Am Schluss kann ich den Laden schnurstracks verlassen. Die Rechnung wird beim Ausgang automatisch über mein Amazon-Konto abgebucht. Angeblich sei nicht einmal ein Checkout nötig.
Die Technik sei ähnlich wie bei selbstfahrenden Autos, erklärt Amazon. Dieses Konzept wird nun in Seattle in einem ersten Geschäft ausschliesslich von Amazon-Mitarbeiter getestet. Der erste öffentliche Laden soll voraussichtlich Anfang 2017 eröffnet werden.
Im Laden soll man alle möglichen Lebensmittel finden können, von frischen Nahrungsmittel bis hin zu Dosenfutter und Fertigprodukten. Köche sollen vor Ort Snacks und kleine Gerichte zubereiten.
Eine Neuheit ist das «Amazon Meal Kit», worin alle Zutaten enthalten sind, um zu Hause innerhalb 30 Minuten eine frische Mahlzeit zuzubereiten.

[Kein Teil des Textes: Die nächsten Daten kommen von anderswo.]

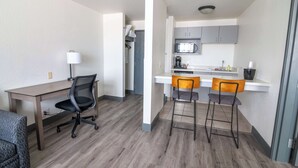 A compact living space with a kitchenette, a dining area with two bar stools, a desk with a chair, and a lamp. - Best Western Helena/Capitol Hotel (Helena)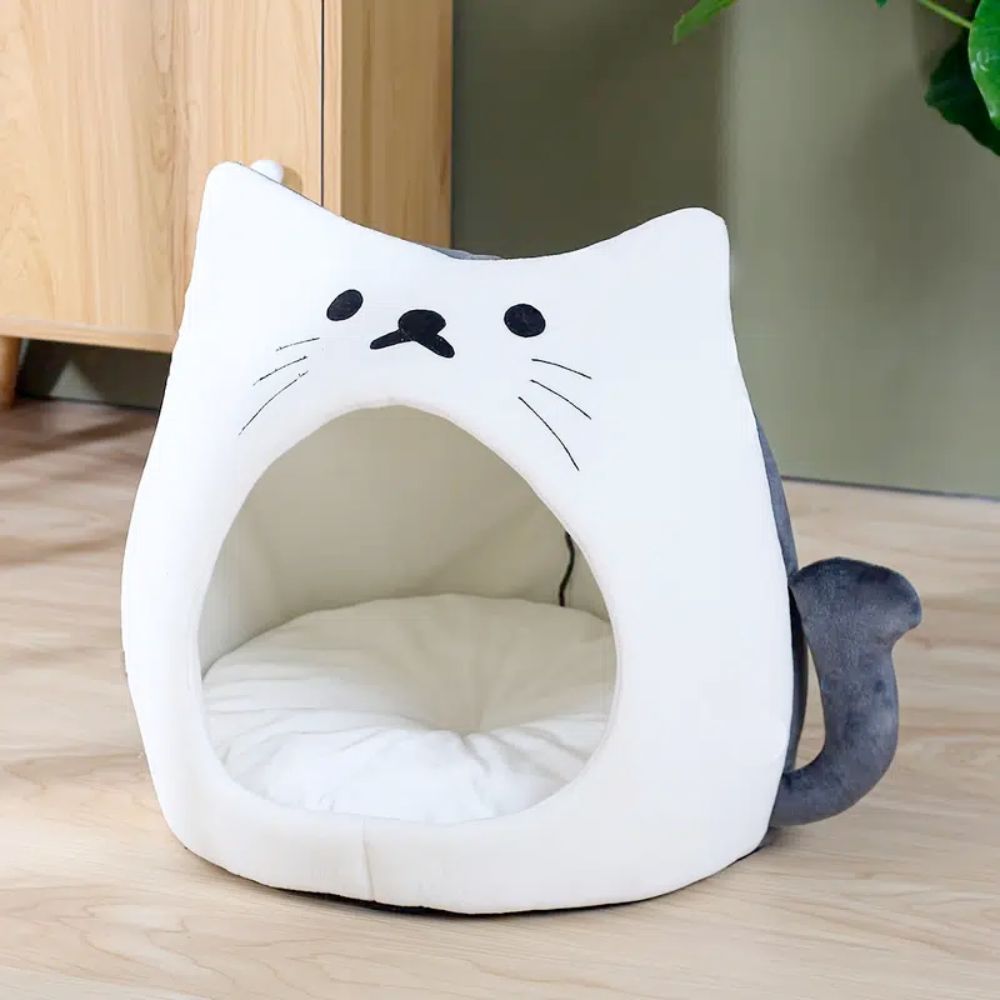 Adorable cat-shaped pet house with soft padded bed, perfect for small pets.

Dass Amazon Lebensmittel verkauft, ist nicht neu. Über den Service Amazon Fresh liefert der Online-Handel die Produkte den Kunden nach Hause. Wieso nun also dieser «Rückschritt» in Richtung offline?
Nach Einschätzung des Branchenanalysten Jan Dawson von Jackdaw Research kam der Internetriese zur Erkenntnis, dass sich nicht alle Waren für den Online-Versandhandel eignen. Gerade für solche Produkte soll Amazon Go also Amazon Fresh ergänzen.
Hunderte dieser Läden im Land wären eine echte Bedrohung für die bestehenden Supermarkt-Ketten, fügte er hinzu. Amazon strebt nicht nur Hunderte, sondern gar 2000 solcher Geschäfte an, heisst es im Wall Street Journal.
Die Idee, die Kassenbereiche abzuschaffen, ist in der Branche zwar nicht neu, doch für die Händler sind sie kostenintensiv, ohne dass die Kunden Zeit sparen. Automatisierte Abrechnungssysteme sind bisher über Versuchsstadien noch nicht hinausgekommen.